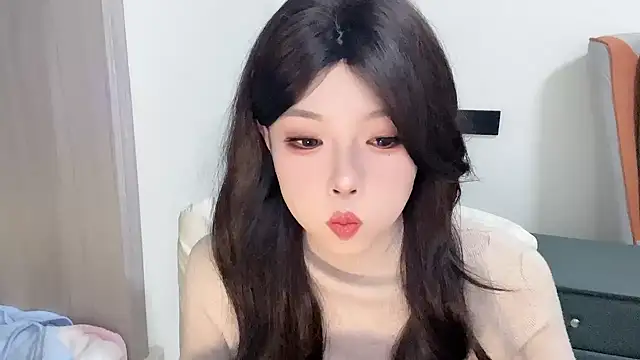 Q-ing online show from 02/11/25, 01:09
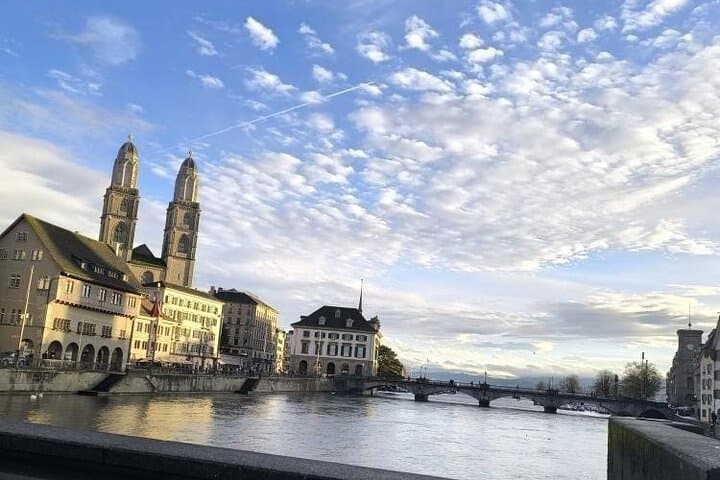 Walk Zurich with a Local : Highlights & Hidden Gems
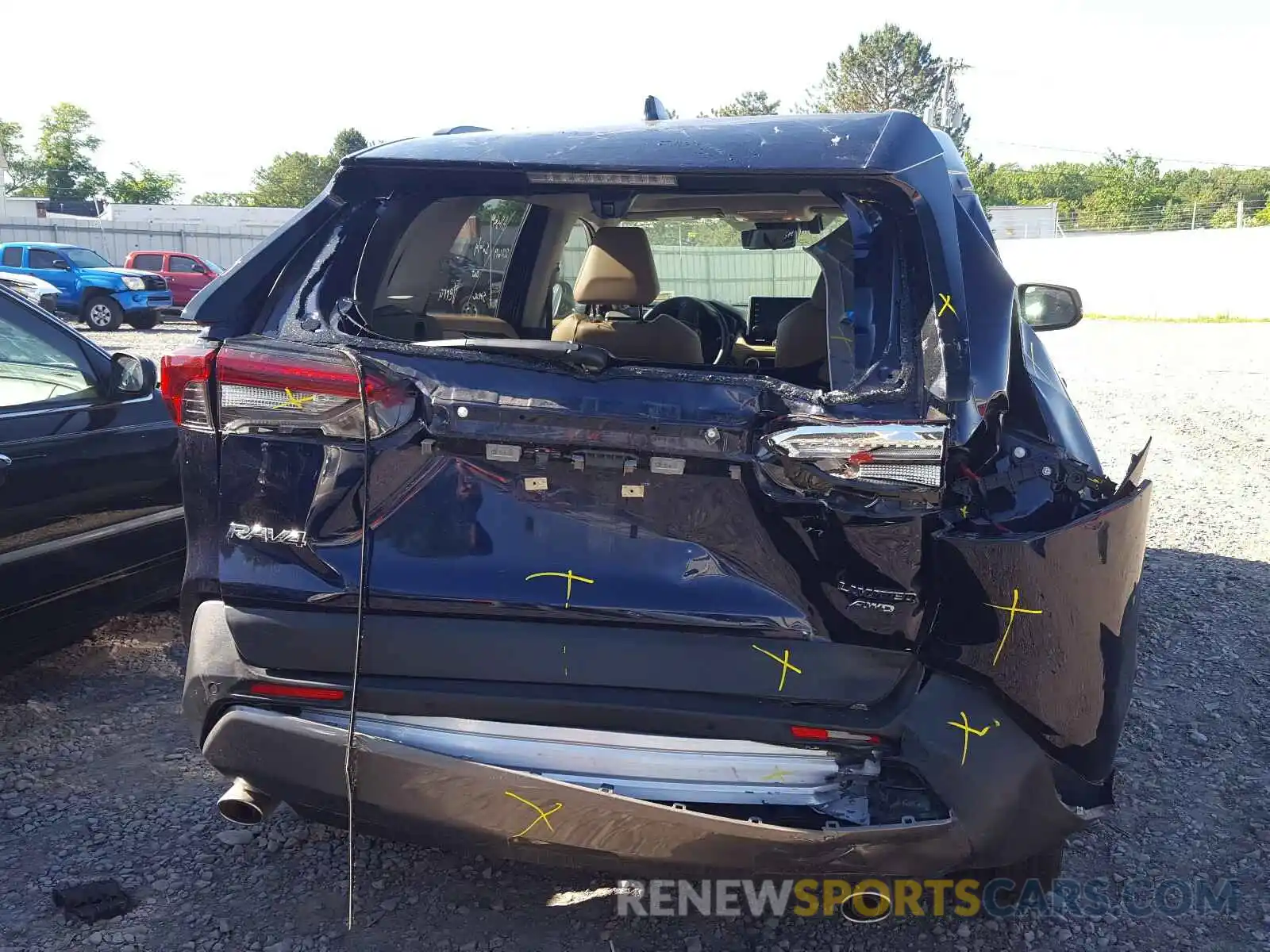 9 Photograph of a damaged car JTMN1RFV2KJ009662 TOYOTA RAV4 2019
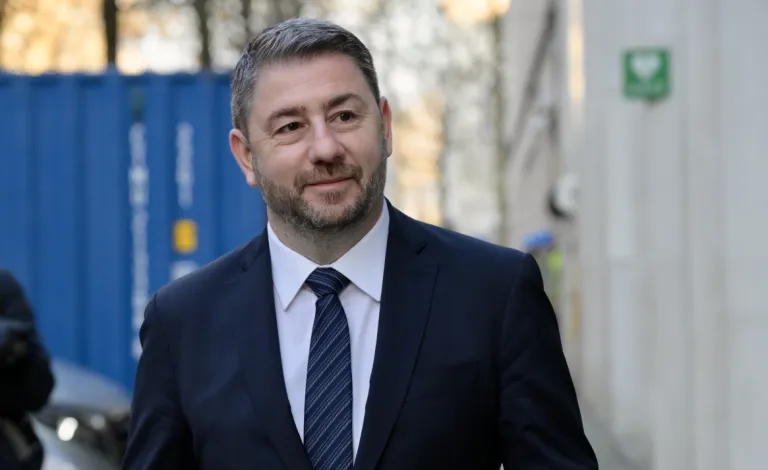 Ο Μίλτος Τεντόγλου πανηγυρίζει το χρυσό μετάλλιο στο άλμα εις μήκος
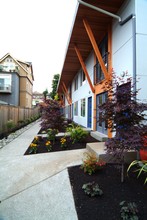 Bleu Apartments in Seattle, WA - Building Photo - Building Photo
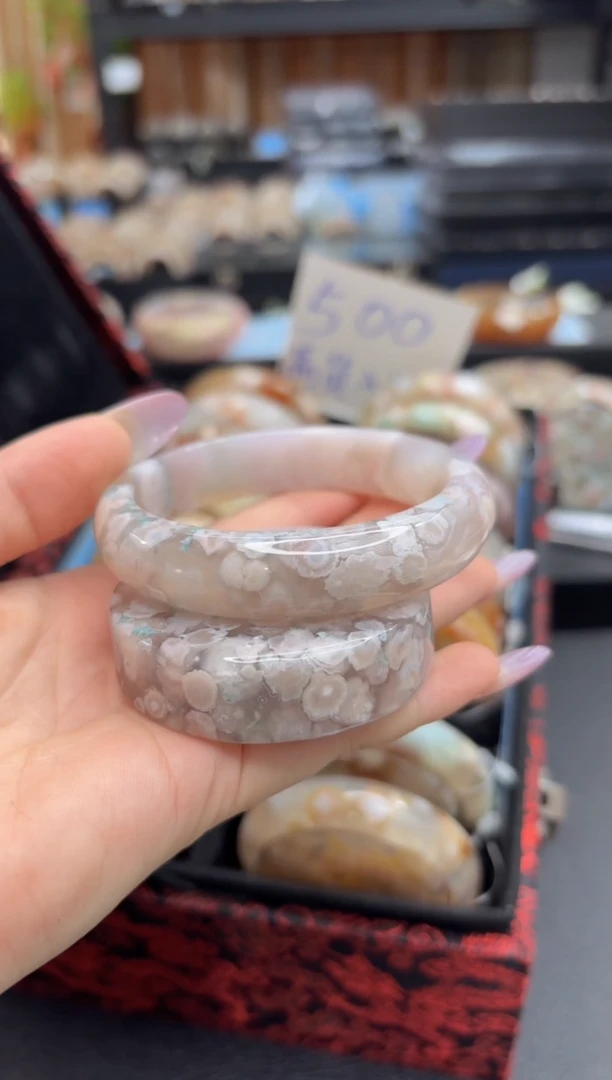 未镶嵌手镯石英质玉A193(59圈赠送镯心)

========================

[Work to complete]: In the records above, transcribe exactly the lines from the one containing "Ο Μίλτος Τεντόγλου" through the last line, both included, and skip the pictures.

[Answer to the exercise]:
 Ο Μίλτος Τεντόγλου πανηγυρίζει το χρυσό μετάλλιο στο άλμα εις μήκος
 Bleu Apartments in Seattle, WA - Building Photo - Building Photo
 未镶嵌手镯石英质玉A193(59圈赠送镯心)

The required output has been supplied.